### COLLECTED DATA
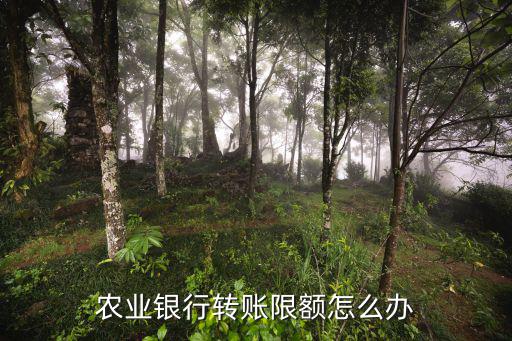 農行手機銀行限額怎么修改，怎么修改中國農行支付限額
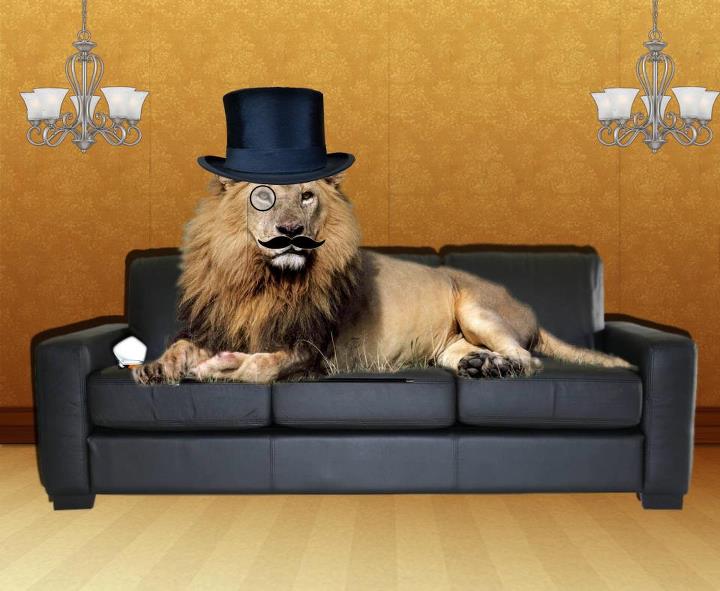 Gentleman Lion
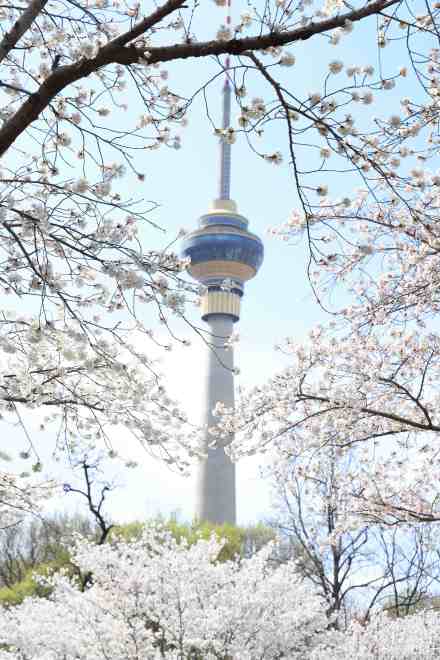 收藏！玉渊潭的樱花是春天写的诗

### WORK INSTRUCTIONS
Copy out the material above in full and exactly; its pictures are not to appear.

### SOLUTION FOR THIS TASK
 農行手機銀行限額怎么修改，怎么修改中國農行支付限額
 Gentleman Lion
 收藏！玉渊潭的樱花是春天写的诗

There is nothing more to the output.